Another remarkable feature of SHE Factory is its high performance which allows to collect statistics much faster. Thus sometimes we manage to study a reaction at several beam energies in one experiment working with extremely low cross-sections (probabilities) which makes it possible to get absolutely new information. So in 2021 there was one event of new moscovium-286 isotope at SHE Factory and its lifetime is only 20 milliseconds. “We managed to discover this isotope only thanks to the fact that now statistics is collected much faster than before”,- noted Alexander Karpov.
In 2022 experiment a reaction was used that had not been studied yet anywhere in the world – interaction of calcium-48 beam with thorium-232 target material. Three unknown before isotopes were obtained in this combination at once: darmstadtium-276 (six events), hassium-272 and siborgium-268 (two events each). It turned out that darmstadtium-276 undergoes alpha decays into hassium-272 in some fractions of a second and hassium in its turn undergoes alpha decays into seborgium-268 in a hundred milliseconds which during 10-15 seconds spontaneously fissions.

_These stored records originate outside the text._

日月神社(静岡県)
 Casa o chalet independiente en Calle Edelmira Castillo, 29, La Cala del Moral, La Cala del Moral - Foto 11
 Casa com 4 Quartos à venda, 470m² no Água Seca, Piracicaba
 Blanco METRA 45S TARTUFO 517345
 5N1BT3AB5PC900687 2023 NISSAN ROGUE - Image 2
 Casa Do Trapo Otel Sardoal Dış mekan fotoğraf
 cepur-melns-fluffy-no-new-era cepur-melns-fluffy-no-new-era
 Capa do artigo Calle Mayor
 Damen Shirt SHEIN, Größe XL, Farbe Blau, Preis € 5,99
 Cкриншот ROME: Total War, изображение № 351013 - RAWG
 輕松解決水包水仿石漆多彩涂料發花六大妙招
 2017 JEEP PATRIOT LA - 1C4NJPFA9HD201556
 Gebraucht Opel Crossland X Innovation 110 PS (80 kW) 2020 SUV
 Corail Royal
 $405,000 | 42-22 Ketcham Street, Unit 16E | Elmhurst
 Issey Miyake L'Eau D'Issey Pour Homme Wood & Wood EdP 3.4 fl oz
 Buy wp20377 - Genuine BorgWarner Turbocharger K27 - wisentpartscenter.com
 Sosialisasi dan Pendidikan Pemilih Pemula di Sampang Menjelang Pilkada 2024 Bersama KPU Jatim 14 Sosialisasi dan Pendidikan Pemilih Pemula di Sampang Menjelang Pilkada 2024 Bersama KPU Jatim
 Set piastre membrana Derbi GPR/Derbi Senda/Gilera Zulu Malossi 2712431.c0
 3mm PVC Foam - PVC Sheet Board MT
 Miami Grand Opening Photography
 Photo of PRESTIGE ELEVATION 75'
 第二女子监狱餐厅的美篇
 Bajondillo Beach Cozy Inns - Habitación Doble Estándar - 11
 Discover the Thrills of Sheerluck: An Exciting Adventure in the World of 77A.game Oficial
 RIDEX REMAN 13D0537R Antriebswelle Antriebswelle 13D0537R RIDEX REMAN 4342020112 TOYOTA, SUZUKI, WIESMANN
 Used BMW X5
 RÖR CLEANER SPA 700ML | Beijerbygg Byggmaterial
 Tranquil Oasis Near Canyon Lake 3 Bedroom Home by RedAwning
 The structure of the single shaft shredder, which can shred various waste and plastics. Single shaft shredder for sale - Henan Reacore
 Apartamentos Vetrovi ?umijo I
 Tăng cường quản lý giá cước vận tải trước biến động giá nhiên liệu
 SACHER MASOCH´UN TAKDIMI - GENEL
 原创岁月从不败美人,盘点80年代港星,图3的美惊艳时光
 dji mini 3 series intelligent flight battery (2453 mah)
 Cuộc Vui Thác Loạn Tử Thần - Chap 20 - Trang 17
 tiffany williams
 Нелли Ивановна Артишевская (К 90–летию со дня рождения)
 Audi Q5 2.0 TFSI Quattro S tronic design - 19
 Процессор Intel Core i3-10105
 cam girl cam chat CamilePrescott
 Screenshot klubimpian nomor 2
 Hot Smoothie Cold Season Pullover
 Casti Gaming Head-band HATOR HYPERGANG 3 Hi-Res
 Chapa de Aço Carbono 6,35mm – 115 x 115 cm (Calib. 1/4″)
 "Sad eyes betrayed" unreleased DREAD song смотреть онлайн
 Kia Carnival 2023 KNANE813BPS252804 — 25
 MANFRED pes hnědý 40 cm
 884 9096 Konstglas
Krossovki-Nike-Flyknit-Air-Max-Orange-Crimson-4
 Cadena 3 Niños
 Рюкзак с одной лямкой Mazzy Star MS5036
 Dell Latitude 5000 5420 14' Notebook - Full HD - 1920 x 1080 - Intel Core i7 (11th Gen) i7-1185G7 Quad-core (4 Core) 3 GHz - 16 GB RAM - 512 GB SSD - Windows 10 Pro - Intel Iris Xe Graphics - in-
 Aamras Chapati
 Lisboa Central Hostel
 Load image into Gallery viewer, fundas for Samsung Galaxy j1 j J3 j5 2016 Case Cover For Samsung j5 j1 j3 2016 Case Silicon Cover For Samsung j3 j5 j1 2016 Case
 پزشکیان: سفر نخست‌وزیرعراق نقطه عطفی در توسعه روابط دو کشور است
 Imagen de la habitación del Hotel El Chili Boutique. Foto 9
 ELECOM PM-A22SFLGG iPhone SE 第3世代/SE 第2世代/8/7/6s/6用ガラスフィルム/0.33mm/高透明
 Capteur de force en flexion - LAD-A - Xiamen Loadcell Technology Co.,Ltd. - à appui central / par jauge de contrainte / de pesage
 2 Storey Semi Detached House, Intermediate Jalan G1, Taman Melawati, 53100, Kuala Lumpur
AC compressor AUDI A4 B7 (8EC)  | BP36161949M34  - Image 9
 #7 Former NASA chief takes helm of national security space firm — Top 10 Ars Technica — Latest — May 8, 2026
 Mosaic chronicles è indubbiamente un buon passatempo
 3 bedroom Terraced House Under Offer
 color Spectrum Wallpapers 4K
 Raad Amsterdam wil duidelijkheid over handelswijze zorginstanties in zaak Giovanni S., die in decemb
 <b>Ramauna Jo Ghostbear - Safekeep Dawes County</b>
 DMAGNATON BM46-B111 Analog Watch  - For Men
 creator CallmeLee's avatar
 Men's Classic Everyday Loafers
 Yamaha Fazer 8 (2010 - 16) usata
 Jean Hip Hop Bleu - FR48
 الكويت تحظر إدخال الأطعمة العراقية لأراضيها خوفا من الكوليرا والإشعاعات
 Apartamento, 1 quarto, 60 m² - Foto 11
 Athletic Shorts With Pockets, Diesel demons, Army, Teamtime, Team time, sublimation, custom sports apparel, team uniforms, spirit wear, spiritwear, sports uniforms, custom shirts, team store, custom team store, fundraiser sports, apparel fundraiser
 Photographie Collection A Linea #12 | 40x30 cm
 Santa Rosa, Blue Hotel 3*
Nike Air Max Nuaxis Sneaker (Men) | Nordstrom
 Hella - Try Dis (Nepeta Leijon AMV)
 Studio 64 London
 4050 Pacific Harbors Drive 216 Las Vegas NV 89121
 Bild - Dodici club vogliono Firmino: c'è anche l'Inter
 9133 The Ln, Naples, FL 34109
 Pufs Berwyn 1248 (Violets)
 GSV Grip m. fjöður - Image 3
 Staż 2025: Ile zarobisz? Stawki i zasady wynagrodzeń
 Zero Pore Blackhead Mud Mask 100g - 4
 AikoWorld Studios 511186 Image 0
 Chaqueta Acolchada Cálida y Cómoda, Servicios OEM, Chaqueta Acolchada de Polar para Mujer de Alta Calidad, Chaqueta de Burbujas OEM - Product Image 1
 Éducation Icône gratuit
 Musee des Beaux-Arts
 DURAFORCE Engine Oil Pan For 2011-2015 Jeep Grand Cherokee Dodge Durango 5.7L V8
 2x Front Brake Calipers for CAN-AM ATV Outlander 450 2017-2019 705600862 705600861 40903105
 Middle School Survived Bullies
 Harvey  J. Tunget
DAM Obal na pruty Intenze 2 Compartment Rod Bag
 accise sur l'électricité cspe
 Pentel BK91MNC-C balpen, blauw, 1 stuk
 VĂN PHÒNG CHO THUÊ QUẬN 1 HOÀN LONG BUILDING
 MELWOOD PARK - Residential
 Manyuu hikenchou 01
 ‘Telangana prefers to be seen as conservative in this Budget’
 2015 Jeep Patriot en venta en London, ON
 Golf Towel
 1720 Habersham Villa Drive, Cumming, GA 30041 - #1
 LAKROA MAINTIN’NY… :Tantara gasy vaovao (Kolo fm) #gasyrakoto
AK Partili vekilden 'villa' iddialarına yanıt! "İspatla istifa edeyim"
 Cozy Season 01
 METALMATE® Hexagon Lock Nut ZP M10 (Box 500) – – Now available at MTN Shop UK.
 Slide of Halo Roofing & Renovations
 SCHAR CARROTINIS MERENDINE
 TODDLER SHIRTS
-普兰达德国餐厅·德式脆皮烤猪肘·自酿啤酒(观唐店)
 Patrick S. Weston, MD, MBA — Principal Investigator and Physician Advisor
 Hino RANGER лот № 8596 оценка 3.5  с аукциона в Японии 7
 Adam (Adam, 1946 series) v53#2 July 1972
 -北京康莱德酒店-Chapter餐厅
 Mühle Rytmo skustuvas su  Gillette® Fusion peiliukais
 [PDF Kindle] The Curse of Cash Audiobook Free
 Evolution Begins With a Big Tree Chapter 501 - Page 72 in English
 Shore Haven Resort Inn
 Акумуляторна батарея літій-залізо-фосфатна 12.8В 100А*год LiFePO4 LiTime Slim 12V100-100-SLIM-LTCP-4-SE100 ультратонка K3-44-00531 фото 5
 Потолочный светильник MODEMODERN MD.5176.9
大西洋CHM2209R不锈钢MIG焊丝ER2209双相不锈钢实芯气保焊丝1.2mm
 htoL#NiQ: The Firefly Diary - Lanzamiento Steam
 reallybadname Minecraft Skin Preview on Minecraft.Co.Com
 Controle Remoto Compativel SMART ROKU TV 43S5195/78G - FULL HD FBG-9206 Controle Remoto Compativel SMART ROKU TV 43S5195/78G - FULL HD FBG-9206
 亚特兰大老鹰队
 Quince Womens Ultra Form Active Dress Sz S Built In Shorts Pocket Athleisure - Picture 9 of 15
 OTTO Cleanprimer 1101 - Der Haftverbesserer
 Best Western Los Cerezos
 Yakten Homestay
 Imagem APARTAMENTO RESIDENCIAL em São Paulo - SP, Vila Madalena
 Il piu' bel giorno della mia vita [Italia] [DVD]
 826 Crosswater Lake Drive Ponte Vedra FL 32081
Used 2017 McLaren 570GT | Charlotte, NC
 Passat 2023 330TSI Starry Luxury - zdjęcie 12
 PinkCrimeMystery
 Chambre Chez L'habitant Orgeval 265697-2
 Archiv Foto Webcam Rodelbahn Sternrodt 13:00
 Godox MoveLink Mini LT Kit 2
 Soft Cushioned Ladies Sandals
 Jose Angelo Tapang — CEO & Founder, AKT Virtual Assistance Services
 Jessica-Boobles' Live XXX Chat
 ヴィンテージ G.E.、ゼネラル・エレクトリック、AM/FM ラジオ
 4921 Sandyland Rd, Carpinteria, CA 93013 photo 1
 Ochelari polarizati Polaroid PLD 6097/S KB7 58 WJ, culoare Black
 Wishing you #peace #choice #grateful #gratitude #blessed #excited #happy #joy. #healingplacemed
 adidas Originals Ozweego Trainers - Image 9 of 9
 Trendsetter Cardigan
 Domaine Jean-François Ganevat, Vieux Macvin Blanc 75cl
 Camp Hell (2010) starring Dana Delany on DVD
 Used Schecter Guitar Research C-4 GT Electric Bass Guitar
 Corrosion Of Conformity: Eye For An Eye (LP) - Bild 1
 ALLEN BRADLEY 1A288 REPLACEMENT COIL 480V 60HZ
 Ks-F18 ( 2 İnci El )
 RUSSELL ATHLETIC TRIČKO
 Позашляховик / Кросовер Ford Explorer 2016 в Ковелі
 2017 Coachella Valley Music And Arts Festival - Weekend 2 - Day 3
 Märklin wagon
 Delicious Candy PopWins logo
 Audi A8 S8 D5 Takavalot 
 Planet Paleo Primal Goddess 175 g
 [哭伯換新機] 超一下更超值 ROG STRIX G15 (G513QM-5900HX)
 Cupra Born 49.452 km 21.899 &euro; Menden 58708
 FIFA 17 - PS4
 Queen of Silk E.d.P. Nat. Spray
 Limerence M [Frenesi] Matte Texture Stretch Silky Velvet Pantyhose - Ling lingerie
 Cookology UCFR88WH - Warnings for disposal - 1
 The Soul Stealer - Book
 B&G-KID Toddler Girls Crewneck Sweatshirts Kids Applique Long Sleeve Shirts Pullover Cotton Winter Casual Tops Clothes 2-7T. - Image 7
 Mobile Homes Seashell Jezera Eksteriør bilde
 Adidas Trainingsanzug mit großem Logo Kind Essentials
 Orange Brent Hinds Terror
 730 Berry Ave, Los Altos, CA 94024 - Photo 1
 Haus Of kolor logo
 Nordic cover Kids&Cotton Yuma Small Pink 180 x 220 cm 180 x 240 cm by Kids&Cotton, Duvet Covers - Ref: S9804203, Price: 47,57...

Preparation for the synthesis of element 120 of the Periodic Table is the main purpose of this experiment. Theory predicts that minimum cross section was expected for the calcium-thorium reaction. Cross sections in calcium-48 reaction increase both when moving to lighter elements and to heavier ones. For element 110, darmstadtium, its minimum was predicted by theory. “It was very important to try to synthesize at the Factory a nucleus for which the survival rate is expected to be even lower than for element 120 to demonstrate that we are able to perform experiments with very low cross sections. Lower than we have worked so far. And it was also a success”,- explained Alexander Karpov.
Another fact which was very important to study is that the isotopes of element 120 which may be produced in one of the possible fusion reactions will go along decay chain through darmstadtium-276, hassium-272 and seborgium-268. “That’s why it was very important to get these nuclei separately, study their properties so that later when observing the fusion events of element 120 we were absolutely sure that we identified nuclei correctly”,- said Alexander Karpov.
FLNR plan to continue the study of the calcium-thorium reaction in spring 2023 only at higher beam energy. One may hope both for refining properties of just discovered darmstadtium-276 and for the synthesis of others unknown yet isotopes of this element such as darmstadtium-275 or darmstadtium-274.
“Five new isotopes over two years of work means that SHE Factory is indeed an extra-class complex for the synthesis and study of superheavy elements”,- said FLNR Scientific secretary. Parameters of both the Factory accelerator and the separators were initially adjusted for the most efficient solution of SHE physics and chemistry tasks. “All our experience in creation of accelerators and separators accumulated over the previous decades, taking into account all ideas for improving parameters of the facilities was put into this accelerator complex. Actually we did our 100% best”,- said Alexander Karpov.
Another advantage of our specialized complex is that FLNR scientists can work on it practically all year round while the session time at accelerator complexes in other scientific centers should be divided between research groups working in different directions. “We have an advantage both in time and in access to the target and beam forming material. Accelerator complex of SHE Factory is now actually world leader in all respects”,- summed up Alexander Karpov.